(YOUR TASK)
Return the entire listing, character for character.

(DATA BLOCK)
--------------------
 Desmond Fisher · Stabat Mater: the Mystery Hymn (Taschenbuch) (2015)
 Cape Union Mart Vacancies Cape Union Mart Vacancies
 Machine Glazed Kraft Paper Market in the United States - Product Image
--------------------
(SOLUTION TO THIS TASK)
 Desmond Fisher · Stabat Mater: the Mystery Hymn (Taschenbuch) (2015)
 Cape Union Mart Vacancies Cape Union Mart Vacancies
 Machine Glazed Kraft Paper Market in the United States - Product Image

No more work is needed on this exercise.